The scientific believers that we already live in this simulated world offered the mathematical structure of the universe to explain and defend the idea that you and I are figments of someone else’s imagination.

During The Current, there was a scientist, who denied the likelihood of our being part of a computer program run by an unseen and only barely imaginable world. The basis of his refutal was that “that which can be proven but cannot be disproven does not exist in science.”

Theoretical physicist, Sylvester James Gates Jr, also averred: “Science is about things we can measure. If we can’t measure it, it can’t be science.”

Historically, existing in another dimension or place has always fascinated literature and film. We have philosophized about it as though to place the blame for our behaviour on the shoulders of another being or thing.

Here is the serious side of this. Primarily, the late and very great Stephen Hawkins, amid his many warnings to mankind, he advised us that we must cease our work on Artificial Intelligence (AI) altogether because, “once computers can reinvent themselves, we have no idea how that reinvention will look.” Or, to enlarge on that in deadly seriousness, computers will very likely simply replace us with themselves and humankind will disappear. That was the tenant of Dr. Hawkins’ warning about AI.

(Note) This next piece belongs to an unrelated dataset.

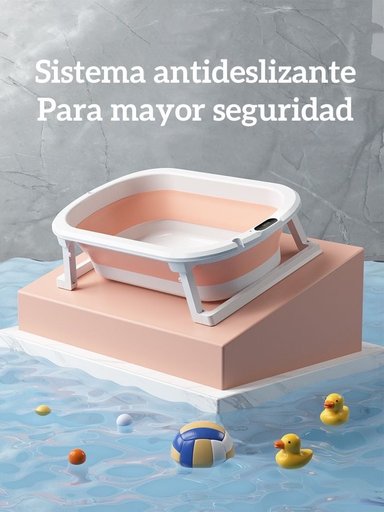 BAÑERA LUBABYCAS CLEVER PLEGABLE CON TERMÓMETRO Y MÁS ACCESORIOS VIOLETA AZUL - 5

The Current was not kidding, while it took into account the similarities of thought over the centuries, all the way back to the Greeks ruminating about “dreams within dreams.” Perhaps inadvertently, though, it did emphasize again the danger we run by turning our world over to the machines we build and building them to run out of our control.

One other scientist, talking to Ms Tremonti, declared that, as we have not yet found undisputed proof of life on another planet, “which we should have by now. So, it is very likely that we are alone in the universe.”